After Einstein agreed to put his signature on such a letter to the Belgians, Szilard approached Sachs, whom he knew personally, to help win approval for the letter from the U.S. State Department. (These events, which would prove so fateful for the world at large, have been examined minutely by historians - some accounts credit Sachs with the idea of approaching Einstein in the first place.)

Sachs decided that the most effective strategy would be to take the letter to Roosevelt himself, and to do it personally. Working with Sachs, Szilard re-drafted the appeal to include a request for the government to help obtain funding and support for American atomic research. Einstein signed an elaborated draft of the letter, which was then passed to Sachs.

Sachs's own accounts of his meetings with Roosevelt are recounted in Brighter Than A Thousand Suns, Robert Jungk's seminal history of the development of atomic science.

By this account, Sachs met with Roosevelt twice - first on October 11, 1939, six weeks after the war had begun in Europe. Sachs presented the Einstein-Szilard letter and accompanying materials, including a memorandum of his own. He read the materials aloud to Roosevelt, but the president was not persuaded that the U.S. government should get involved. Sachs managed to get an invitation to breakfast the next morning, and spent a sleepless night trying to conceive how he might persuade the president to support the plan.

When he returned to the White House the next day, October 12, Sachs said, he told the president the following story:

During the Napoleonic wars a young American inventor came to the French emperor and offered to build a fleet of steamships with the help of which Napoleon could, in spite of the uncertain weather, land in England. Ships without sails? This seemed to the great Corsican so impossible that he sent [Robert] Fulton away.... Had Napoleon shown more imagination and humility at that time, the history of the nineteenth century would have taken a different course.

According to Sachs, after considering the implication of this tale, FDR called for an aide to bring a bottle of brandy from Napoleon's time, which he poured into two glasses for himself and Sachs.

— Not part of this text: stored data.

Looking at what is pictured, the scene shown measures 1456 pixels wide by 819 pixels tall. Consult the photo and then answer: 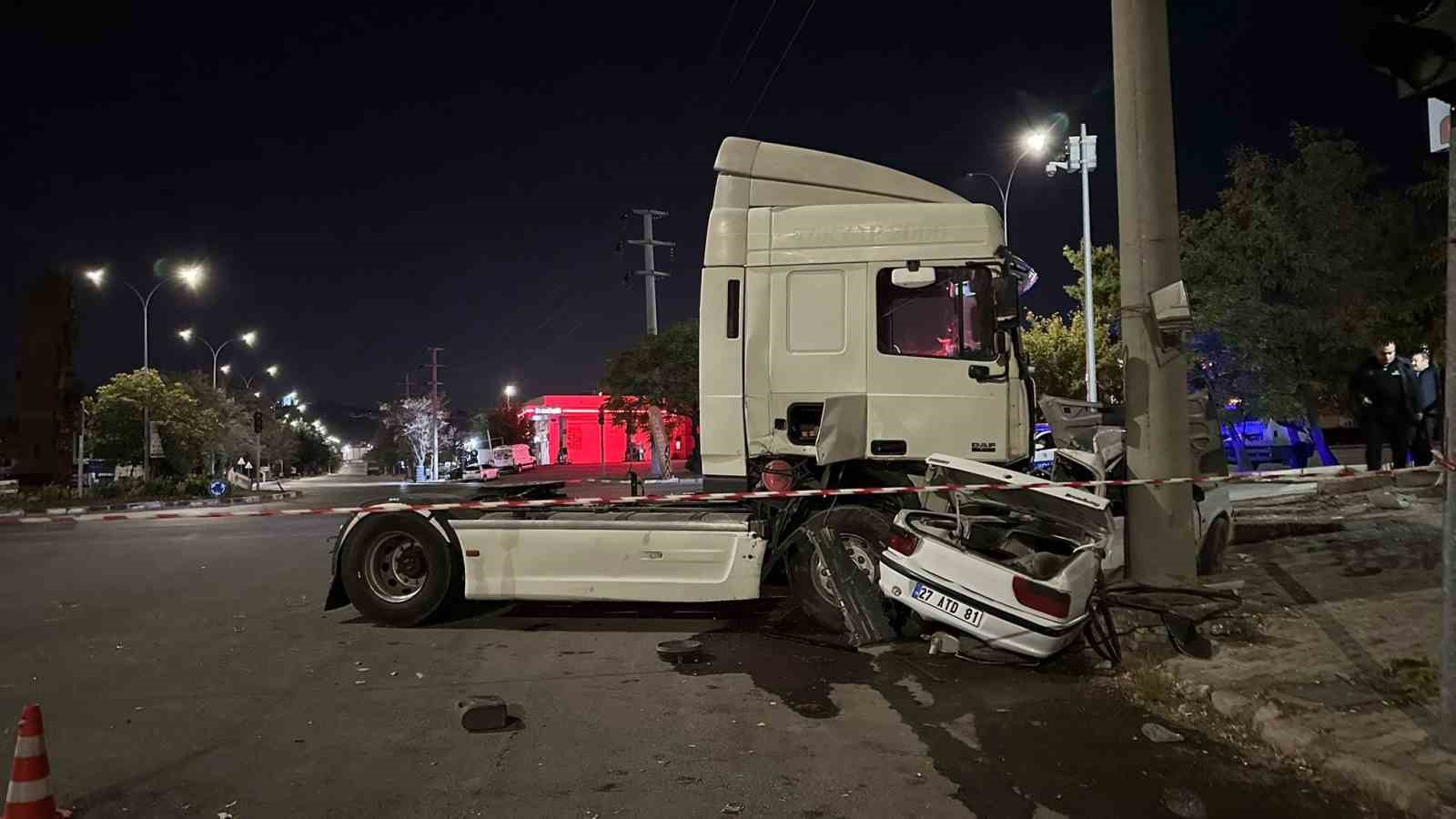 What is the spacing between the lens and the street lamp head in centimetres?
3138

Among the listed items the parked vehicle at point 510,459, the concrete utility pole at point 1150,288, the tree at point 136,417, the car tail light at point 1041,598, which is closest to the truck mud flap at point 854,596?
the car tail light at point 1041,598

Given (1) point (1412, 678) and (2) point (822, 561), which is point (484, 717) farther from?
(1) point (1412, 678)

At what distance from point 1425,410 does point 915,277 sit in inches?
330

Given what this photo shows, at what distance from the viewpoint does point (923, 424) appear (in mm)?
7199

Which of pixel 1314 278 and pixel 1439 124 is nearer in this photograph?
pixel 1439 124

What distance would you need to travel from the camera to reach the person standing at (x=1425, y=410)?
1132cm

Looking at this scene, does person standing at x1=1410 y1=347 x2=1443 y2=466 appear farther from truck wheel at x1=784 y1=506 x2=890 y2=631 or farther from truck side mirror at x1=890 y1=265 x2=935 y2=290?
truck wheel at x1=784 y1=506 x2=890 y2=631

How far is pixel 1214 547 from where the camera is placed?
27.2 ft

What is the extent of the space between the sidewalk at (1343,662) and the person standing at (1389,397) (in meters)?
2.38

Then the president remarked, "Alex, what you are after is to see that the Nazis don't blow us up?" Sachs replied, "Precisely." Roosevelt turned to his attache, General Edwin "Pa" Watson, and declared, "Pa, this requires action!"

In December 1944, Sachs later reported, he met again with president Roosevelt on the subject of the atomic bomb, this time for the purpose of establishing a moral and appropriate plan for the bomb's first use. According to Sachs, this plan included a demonstration of an atomic detonation for representatives of allied and neutral countries, followed by another demonstration explosion, this time on enemy soil, after a warning to fully evacuate the target area. Whether or not FDR actually agreed to this plan, there is no evidence that he formally introduced it into the preparations for the use of the atomic weapons. Early in 1945, the panel of scientists and civilian leaders known as the "Interim Committee" ruled out demonstrations in favor of an atomic attack.